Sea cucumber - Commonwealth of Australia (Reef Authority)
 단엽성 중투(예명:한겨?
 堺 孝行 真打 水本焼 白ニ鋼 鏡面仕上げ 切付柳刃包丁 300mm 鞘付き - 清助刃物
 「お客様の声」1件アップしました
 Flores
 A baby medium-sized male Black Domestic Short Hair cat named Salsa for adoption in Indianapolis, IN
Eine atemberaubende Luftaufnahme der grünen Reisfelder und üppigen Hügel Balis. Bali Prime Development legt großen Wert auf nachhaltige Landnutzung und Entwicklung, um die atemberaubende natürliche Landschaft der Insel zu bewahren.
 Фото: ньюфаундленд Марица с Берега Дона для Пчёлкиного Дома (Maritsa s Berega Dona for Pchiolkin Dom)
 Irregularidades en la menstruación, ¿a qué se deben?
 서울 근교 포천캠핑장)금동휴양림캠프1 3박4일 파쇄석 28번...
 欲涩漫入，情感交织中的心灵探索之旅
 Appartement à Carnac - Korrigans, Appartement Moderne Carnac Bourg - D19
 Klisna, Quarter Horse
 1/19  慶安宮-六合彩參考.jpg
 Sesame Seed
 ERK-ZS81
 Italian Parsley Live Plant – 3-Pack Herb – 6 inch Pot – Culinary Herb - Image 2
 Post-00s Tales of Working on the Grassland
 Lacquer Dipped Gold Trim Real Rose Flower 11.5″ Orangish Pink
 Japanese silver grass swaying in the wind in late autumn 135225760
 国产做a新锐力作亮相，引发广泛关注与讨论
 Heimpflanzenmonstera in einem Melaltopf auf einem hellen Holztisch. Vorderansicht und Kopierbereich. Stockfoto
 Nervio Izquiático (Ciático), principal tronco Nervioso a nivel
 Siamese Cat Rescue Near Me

## WHAT IS BEING ASKED
Within the listing above, locate the line containing "단엽성 중투(예명:한겨?" and the line containing "国产做a新锐力作亮相，引发广泛关注与讨论". Reproduce those two lines and all lines between them exactly, with nothing added.

## SOLUTION TO THE PROBLEM
 단엽성 중투(예명:한겨?
 堺 孝行 真打 水本焼 白ニ鋼 鏡面仕上げ 切付柳刃包丁 300mm 鞘付き - 清助刃物
 「お客様の声」1件アップしました
 Flores
 A baby medium-sized male Black Domestic Short Hair cat named Salsa for adoption in Indianapolis, IN
Eine atemberaubende Luftaufnahme der grünen Reisfelder und üppigen Hügel Balis. Bali Prime Development legt großen Wert auf nachhaltige Landnutzung und Entwicklung, um die atemberaubende natürliche Landschaft der Insel zu bewahren.
 Фото: ньюфаундленд Марица с Берега Дона для Пчёлкиного Дома (Maritsa s Berega Dona for Pchiolkin Dom)
 Irregularidades en la menstruación, ¿a qué se deben?
 서울 근교 포천캠핑장)금동휴양림캠프1 3박4일 파쇄석 28번...
 欲涩漫入，情感交织中的心灵探索之旅
 Appartement à Carnac - Korrigans, Appartement Moderne Carnac Bourg - D19
 Klisna, Quarter Horse
 1/19  慶安宮-六合彩參考.jpg
 Sesame Seed
 ERK-ZS81
 Italian Parsley Live Plant – 3-Pack Herb – 6 inch Pot – Culinary Herb - Image 2
 Post-00s Tales of Working on the Grassland
 Lacquer Dipped Gold Trim Real Rose Flower 11.5″ Orangish Pink
 Japanese silver grass swaying in the wind in late autumn 135225760
 国产做a新锐力作亮相，引发广泛关注与讨论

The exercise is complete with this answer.